Já não se trata simplesmente do fenômeno da exploração e da opressão, e sim de algo novo: a exclusão social.
Por Alfredo J. Gonçalves*
Na sexta-feira, 23 de julho de 2018, outras duas embarcações partem das costas da Líbia em direção ao sonho do Eldorado no velho continente europeu. A bordo de ambas, 450 imigrantes de diferentes países africanos. Entre eles, 130 são menores, boa parte dos quais viaja desacompanhada. A travessia torna-se perigosa devido às ondas agitadas do Mediterrâneo central. Em meio à possibilidade de um novo naufrágio e nova tragédia, dois navios militares – Monte Sperone, da Guardia de Finanza, e Protector, da agência de controle das fronteiras europeias Frontex – se aproximam e recolhem os forasteiros nas proximidades da ilha de Lampedusa.
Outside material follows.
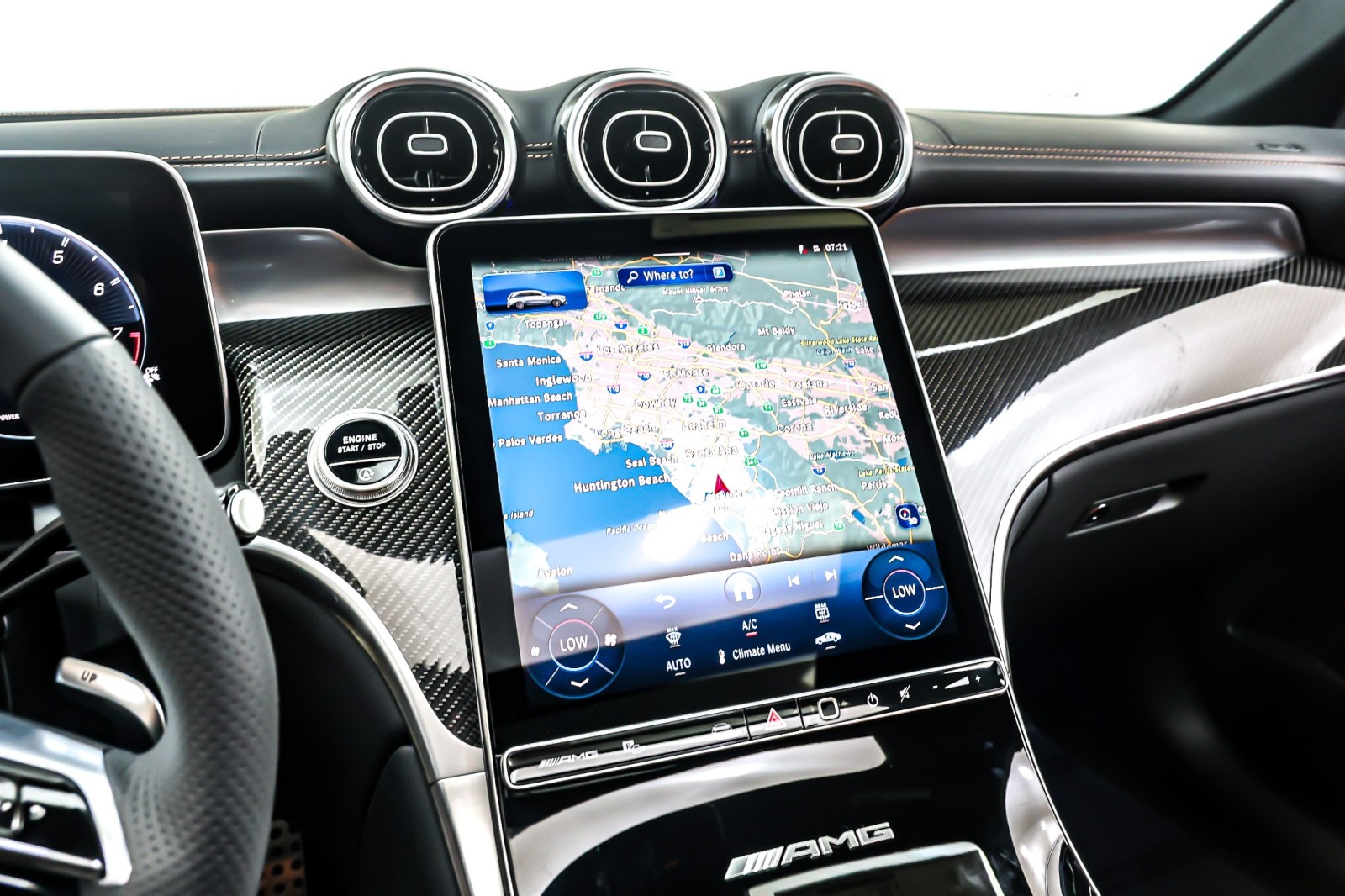 New 2026 Polar White Mercedes-Benz AMG® GLC 43 image 6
Depois, navegam até as vizinhanças do porto de Pozzallo, na ilha de Sicilia, onde lançam âncora à espera de ordens superiores.
De imediato, abre-se mais um capítulo da “novela” referente às migrações que tentam cruzar o Mediterrâneo entre África e Europa. Retoma-se a mesma polêmica das embarcações anteriores, como Aquarius e Lifeline, que escancara a divisão da União Europeia (UE). O Ministro do Interior da Itália, Matteo Salvini, uma vez mais, manda fechar todos os portos do país aos estrangeiros. O Primeiro Ministro, Giuseppe Conte, por seu turno, começa as negociações com os demais parceiros da União Europeia, no sentido de redistribuir os imigrantes entre os países vizinhos, como recomenda o regime de quotas do acordo de Bruxelas.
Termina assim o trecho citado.